Bloomberg News

David Jones Affirms Forecast After Second-Half Profit Slumps

September 21, 2011

(Updates with closing share price in fifth paragraph.)

Sept. 21 (Bloomberg) -- David Jones Ltd., Australia’s second-biggest department store chain, affirmed its forecast for lower profit after second-half earnings dropped 11 percent amid a continuing slide in sales.

Net income will fall as much as 20 percent in the first half ending January, Sydney-based David Jones said in a statement today. The chain reported earnings dropped to A$62.4 million ($64 million) in the six months ended July after sales dropped 9.2 percent.

David Jones said sales in the first quarter of the current year will fall about 10 percent, with the pace of decline to ease on Christmas demand and the impact of clearance sales early in the new year. Households have curbed spending on discretionary items such as clothing and furniture amid a slide in consumer confidence in five of the past six months and concerns about the global economy, home prices and employment.

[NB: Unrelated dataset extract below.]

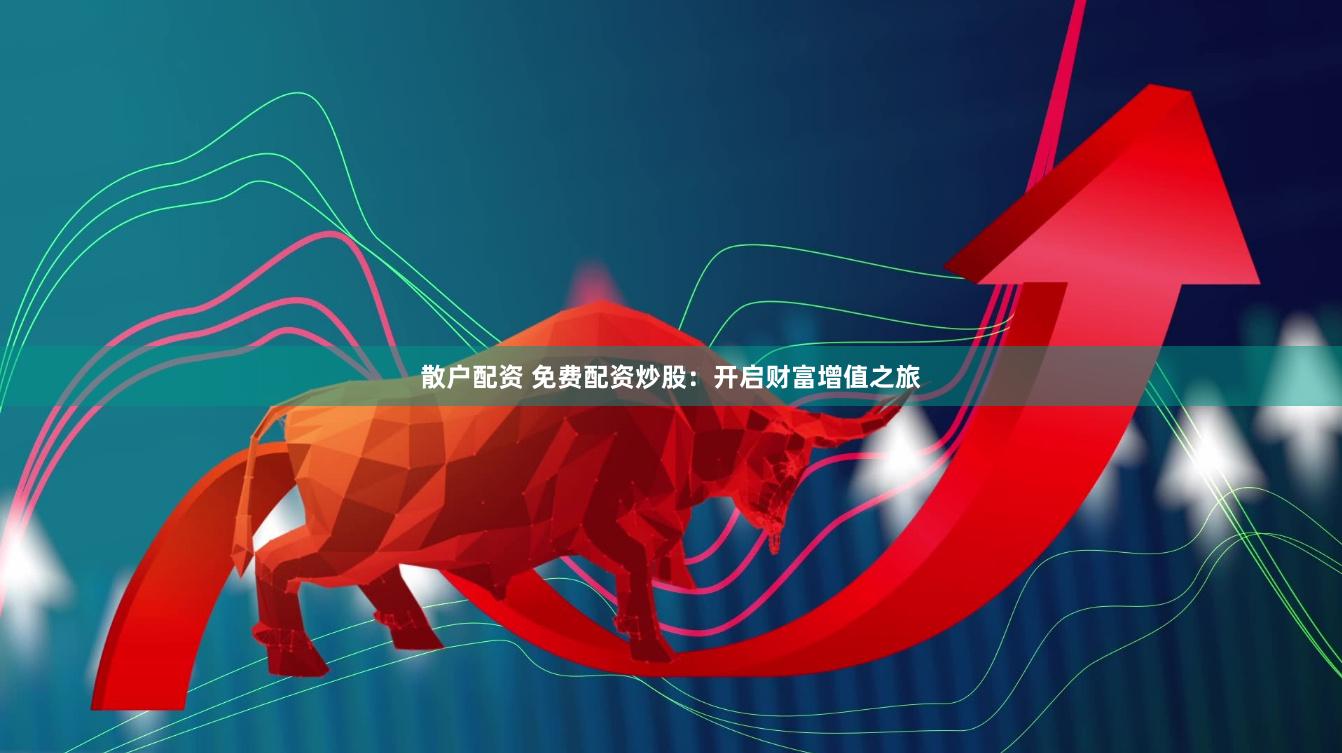 散户配资 免费配资炒股：开启财富增值之旅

“Trading conditions remain difficult,” Chief Executive Officer Paul Zahra said in the statement. David Jones is “well positioned to trade through the current challenging environment,” he said.

David Jones shares rose 2.2 percent to A$2.76 at the 4:10 p.m. close in Sydney, paring this year’s decline to 38 percent.

Earnings before interest and tax from its department stores fell 14 percent to A$67.9 million in the second half and profit margins dropped as sales fell.

Zahra is trying to turn around the sales decline with store refurbishments, an upgraded website and new brands exclusive to its stores.

Management will release a strategic plan next year for the four years ending 2016, the company said.

Earnings from financial services, which includes its store credit card, rose 7.5 percent to A$24.9 million.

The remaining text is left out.